There are other quirks that make self-storage property quite different from most commercial real estate. They can be situated in less-than-desirable locations: facilities on the outskirts of town, or tucked in behind industrial areas are totally acceptable. As well, tenants pay little or no deposit, and are free to leave at a moment’s notice. Yet, on a square-foot basis, the rents for storage locker can be as high as an apartment or a small office.
For instance, in the Okanagan, 50 square feet of storage space rents for around $95 per month, which, on a per-square-foot basis, is about the same as the typical residential apartment rent. In Coquitlam a 200 sq. foot unit is $356 (unheated) … I know, because that is what I pay!
Storage lockers are a simple investment. There is often no heat, little maintenance and as I have preached for 15 years … if you want to make it a luxury unit you put in a light bulb!”
Major Point: We have advised the purchase of storage and mini/strata warehouses since 1996! Studies show that nearly 80% of self-storage properties remain in the hands of small, independent investors. The sector’s solid past performance has begun to capture the attention of large institutional investors, however. Larger properties in particular are increasingly attracting institutional buyers, including big self-storage companies. The typical facility and investor, though, are “mom and pop” operations that provide a relatively secure investment or semi-retirement income with a minimum of management.
Lenders More Friendly To Commercial Loans – But Warning Issued On Rental Apartments
Commercial real estate developers and investors rushing to secure low-cost financing amidst fears of higher interest rates are finding a warm welcome this summer from a lot more lenders. But low-cost loans for residential landlords may soon be facing barriers, experts’ caution.
New commercial mortgages in Canada reached $33 billion in 2013, well above the pre-crisis levels of 2008, reports Jones Lang LaSalle (JLL) Debt Capital Markets, and the trend is apparently ascending.
“We track more than 100 sources of debt capital available to Canadians, and there are strong indications that lending is on an upswing”, said Amar Nijjar, vice president and practice lead for JLL Canada’s Debt Capital Markets team.
“Nearly all of the lenders are expressing an interest to lend at the same or higher levels from than last year.
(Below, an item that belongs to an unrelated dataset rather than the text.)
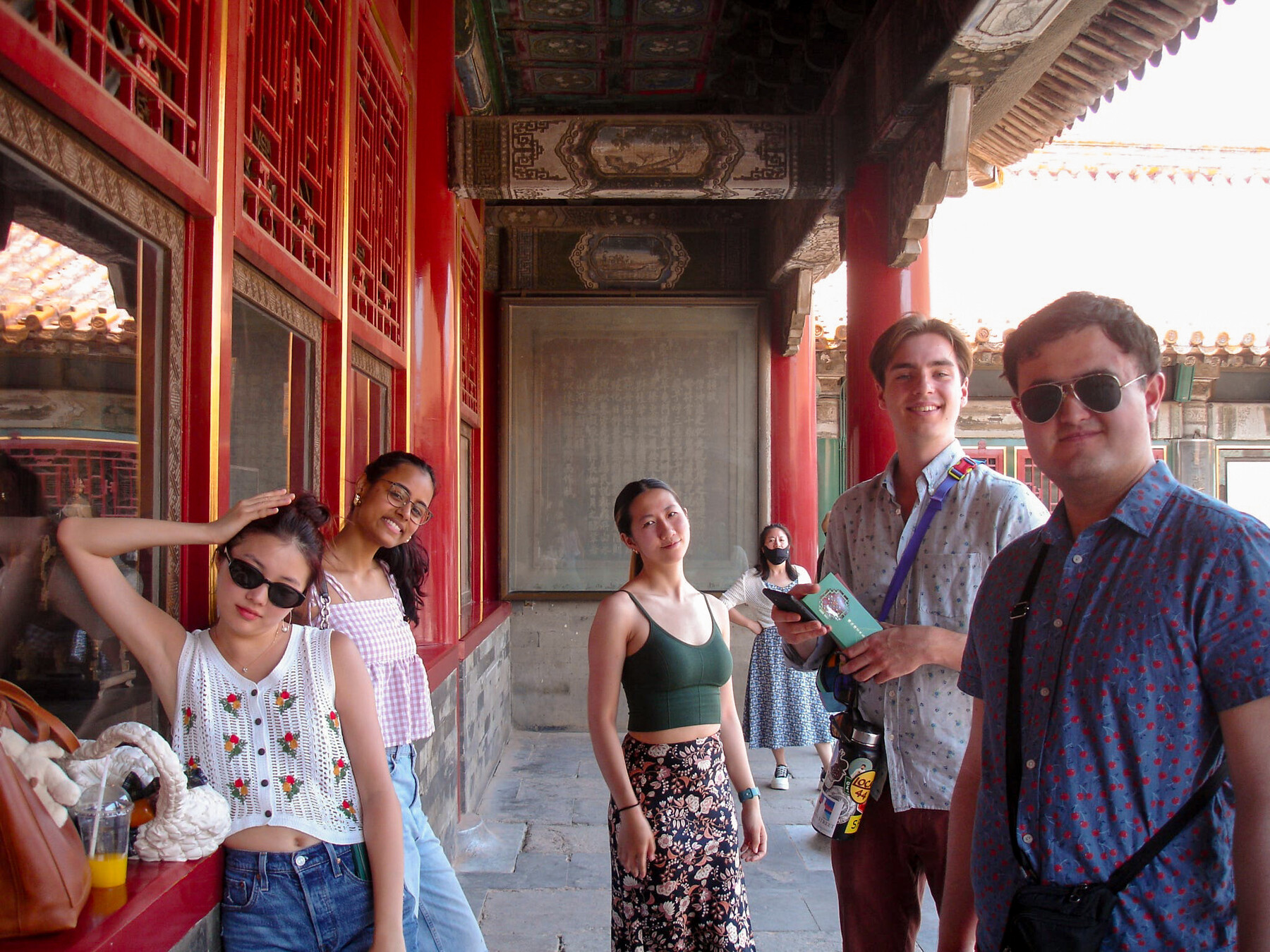 glee club members standing in elaborate pagoda-like building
There is also an emergence of non-traditional sources that provide creative financing solutions, filling a void that previously existed in the marketplace.”
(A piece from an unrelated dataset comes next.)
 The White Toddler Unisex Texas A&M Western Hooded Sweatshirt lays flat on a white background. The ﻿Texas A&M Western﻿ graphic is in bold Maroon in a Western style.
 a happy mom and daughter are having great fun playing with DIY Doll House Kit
Canadian Mortgage Backed Securities are also on the rise – lenders originated approximately $1.5 billion in 2013 compared to $500 million in 2012. “The market anticipates that these lenders will surpass $2 billion in 2014,” Nijjar said.
Canadian interest rates are anticipated to increase in the near future as inflation continues to edge up and unemployment levels decrease, according to JLL. Lower unemployment translates to increased consumer spending and the ability for landlords to raise rents, Nijjar notes.
Major Point: JLL warn that the multi-family sector, which benefits from low-cost Canada Mortgage and Housing Corp.-insured mortgages, is facing federal government scrutiny. “We expect further regulatory changes restricting available capital in this sector,” JLL states in its report on commercial financing. If they turn out to be right … be ahead of them. Get yourself refinanced NOW! 10 year money for commercial and rental property can be as low as 2.8 %! You may well wish you locked yourself in a few years from now!